WTI and Brent both soared more than 4% on Monday, after the wave of attacks on Saturday by Hamas, which were followed by retaliatory strikes by Israel on Gaza and Israel’s formal declaration of war against the group.

While crude saw a sharp jump on Monday, oil prices had fallen back significantly the previous week after hitting 2023 highs just shy of $100 a barrel for Brent and above $95 a barrel for WTI in late September.

Though Israel produces little oil, the Wall Street Journal reported Sunday that Iranian military officials had helped Hamas plan and coordinate the attack.

Iran congratulated Hamas on the attack but has denied a role in planning it.

Read: Here’s what Israel-Hamas war means for oil prices as fighting continues

“The potential of Iran’s involvement, that if proven true, could trigger the U.S. to apply more strict sanctions on Iranian crude in an already tight market,” StoneX’s Kansas City energy team, led by Alex Hodes, wrote in Tuesday’s newsletter. “There has been no hard evidence yet on Iran’s involvement, however they have been involved in supporting Hamas in the past.”

Iranian crude output hit 3.1 million barrels a day, or mbd, in August, noted Carsten Fritsch, commodity analyst at Commerzbank, in a Tuesday note, the highest since U.S. sanctions came back into force in the fall of 2018, after the Trump administration withdrew from the Iranian nuclear accord (see chart below).

Though no official figures are available, it’s estimated that Iranian crude exports were as high as 2 mpd in August.

“The U.S. has apparently been pursuing a laissez-faire approach to the enforcement of sanctions in recent months so as to offset at least part of the decrease in OPEC+ supply. It is hardly likely to maintain this policy now given Iran’s open show of support for Hamas,” Fritsch said. Full enforcement of sanctions could cut Iranian exports by as much as 1 mbd.
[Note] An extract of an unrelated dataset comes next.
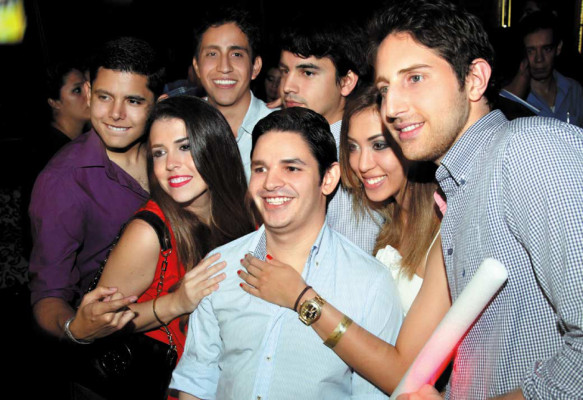 Miller Draft party en Barroco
“Though this would further tighten the oil market in the current environment, it would not result in the kind of acute shortage that would massively drive up prices,” he said.
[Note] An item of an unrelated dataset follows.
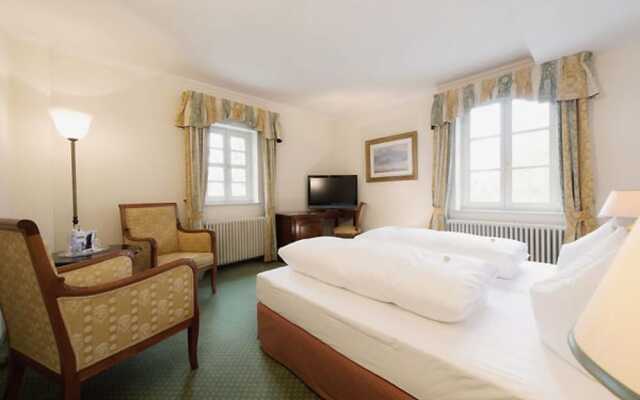 Wasserburg zu Gommern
See: Will Israel-Gaza war sink stocks and shake the global economy? Watch oil prices.

Elsewhere, as tensions in the Middle East rise along with supply concerns, the U.S. may be “re-evaluating sanctions on Venezuela,” said StoneX’s Kansas City energy team. “Easing of sanctions would allow more companies and countries to import crude from Venezuela.”

Reuters reported Monday that sources said Venezuela and the U.S. have progressed in talks that could provide sanctions relief to Venezuela.

“It appears that this headline has received more attention since the recent Hamas attacks and is likely an attempt to quell fears over oil market supply disruptions rather than affirmed deals being made,” said the Kansas City energy team at StoneX.

Meanwhile, traders will look to reports this week for supply and demand updates on the oil market.

The Energy Information Administration will release its monthly Short-term Energy Outlook on Wednesday. OPEC and the International Energy Agency will release separate monthly oil reports on Thursday.

Also Thursday, the EIA will issue its weekly U.S. petroleum supply report. That would come a day later than usual due to the Columbus Day and Indigenous Peoples’ holiday on Monday.

On average for the week ended Oct. 6, analysts expect the supply report to show a supply climb of 200,000 barrels for crude, according to a survey conducted by S&P Global Commodity Insights. They also forecast inventories declines of 1.1 million barrels for gasoline and 1.8 million barrels for distillates.